= John H. Balsley =

Inventor

John H. Balsley (May 29, 1823 – March 12, 1895) was a master carpenter and inventor, inventing a practical folding wooden stepladder and receiving the first U.S. patent issued for a safety stepladder in the year.

He was born in Connellsville, Fayette County, Pennsylvania to George H. and Sarah (Shallenberger) Balsley. His father was also a carpenter.

An odd coincidence is that in the borough of Connellsville in 1825, a new borough office was created: Keeper of Ladders. The title of Ladder Keeper does not appear after 1831 (although there is a gap in records from 1835 to 1856). William Balsley, an uncle, was on the town council at the time the office was created. Although none of his family seems to have held this new office, one can only speculate whether it somehow stimulated an interest in ladders on the part of young John. John H. Balsley migrated to Dayton, Ohio before 1850.

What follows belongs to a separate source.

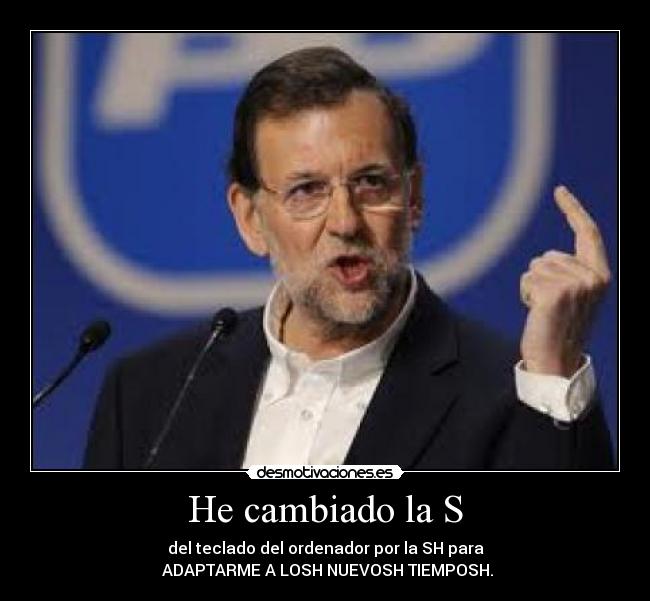 He cambiado la S - del teclado del ordenador por la SH para
 ADAPTARME A LOSH NUEVOSH TIEMPOSH.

Although stepladders had been in use for many years before 1862, his primary contribution to safety was the replacement of round rungs by flat steps. He became a wealthy businessman because of his inventions. Balsley's home in the Oregon Historic District, built about 1877, still stands at 419 East Sixth Street, a reminder of his success. He was also a Trustee of the City of Dayton Water Works for a year from April 1870, his only known public service.

John H. Balsley and Sophia C. Balsley (January 1827-27 September 1905), his wife, are interred in Woodland Cemetery, Dayton, Ohio.